Vz afwijzing 3 november 2011, dossiernr. 2011/00893 (Importeur FORD NEDERLAND Automatisch remmen / parkeren / (geen recidive 11 / 634))

De voorzitter gaat ervan uit dat klager doelt op de uitspraak van de Commissie in dossier 2011/00634, waarin de Commissie heeft geoordeeld dat de advertentie waarin de Ford Focus Wagon wordt aangeprezen met de mededeling “Voorkomt kop-staartbotsingen. Active City Stop” misleidend en daardoor oneerlijk in de zin van artikel 7 van de Nederlandse Reclame Code (NRC) is. De onderhavige uiting betreft een televisiecommercial waarin de technologie van de nieuwe Ford Focus wordt aangeprezen, die nog niet door de Commissie is beoordeeld. Van de door klager gestelde recidive is derhalve geen sprake.
 
Nu niet is gesteld of gebleken dat de mededelingen in de commercial betreffende de in de aangeprezen Ford Focus aanwezige technologische hulpmiddelen niet juist of anderszins in strijd met de NRC zijn, wordt de klacht afgewezen.
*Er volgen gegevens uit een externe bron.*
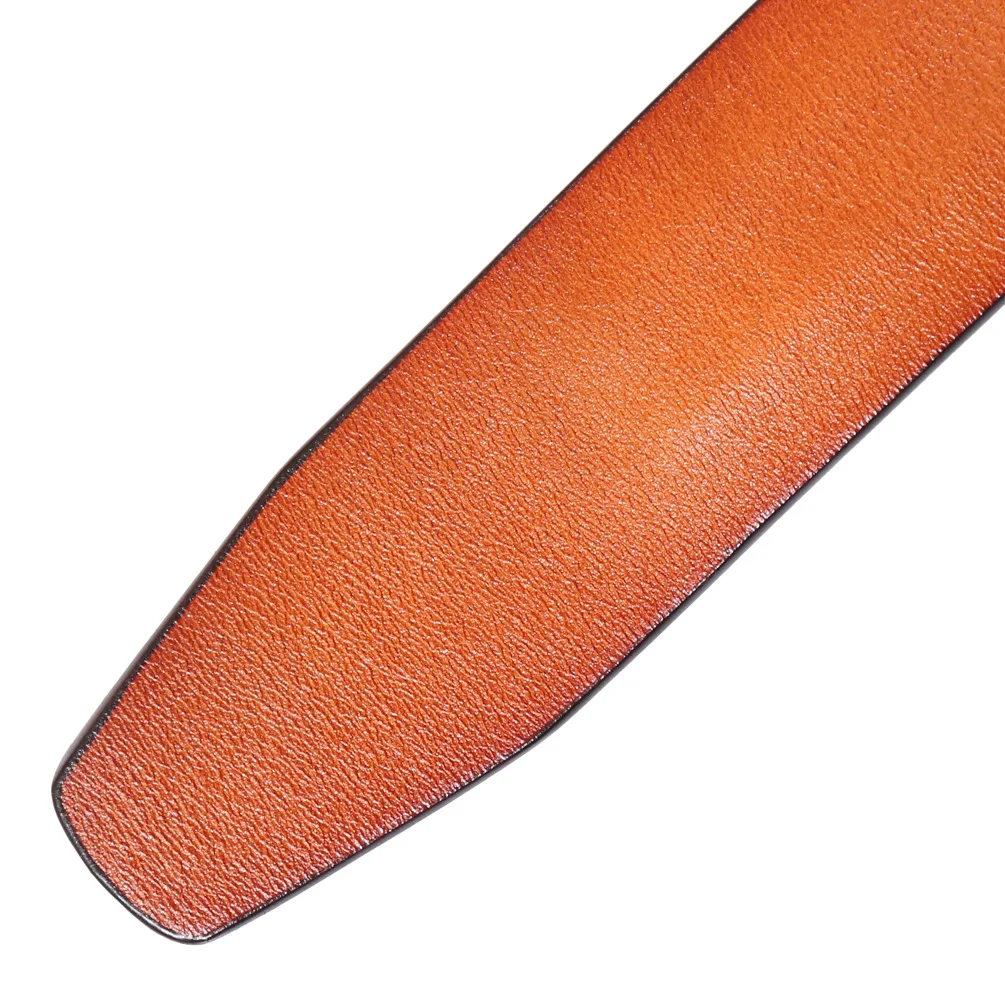 3.5cm Wide Luxury Brand No Buckle Cowhide Leather Ratchet Belt Men Without Buckle Holeless Mens Automatic Genuine Leather Belts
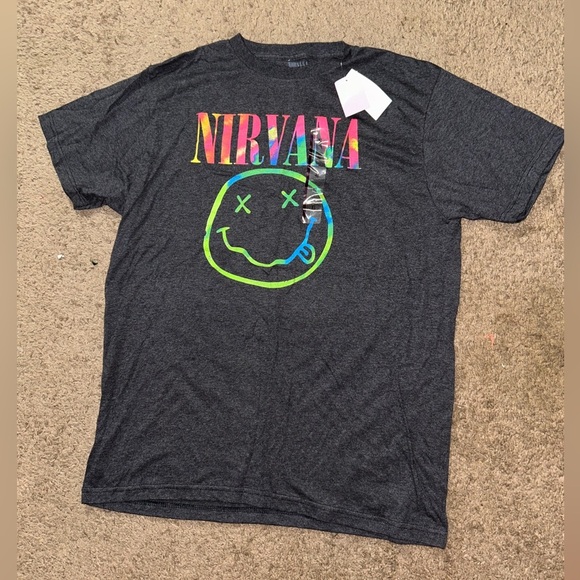 NIRVANA Dark Gray Tee with Vibrant Graphic - Picture 1 of 3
Vz RCC 3 november 2011, dossiernr. 2011/00968 (Transavia euro 7 extra onvermeld)


Vaststaat dat aan klager tijdens het boeken van de reis ten onrechte de mededeling werd ge­toond dat in de reissom van € 350,-- 10 kilo ruimbagage per persoon inbegrepen was. Aldus dient te wor­den geoordeeld dat adverteerder in haar re­cla­me-uiting geen juiste informatie heeft verstrekt over de inhoud van de dienst, te weten over de uitvoering daarvan, een van de voornaamste kenmerken als bedoeld onder b van artikel 8.2 van de Nederlandse Re­clame Code (NRC). Voorts is de Commissie van oordeel dat de gemiddelde consument hierdoor ertoe gebracht kan worden een besluit over een transactie te nemen, dat hij anders niet had genomen. Om die reden is de uiting misleidend en daardoor oneerlijk in de zin van artikel 7 NRC. De disclaimer waarop adverteerder zich beroept, leidt niet tot een ander oor­deel. Deze disclaimer neemt immers de misleiding niet weg.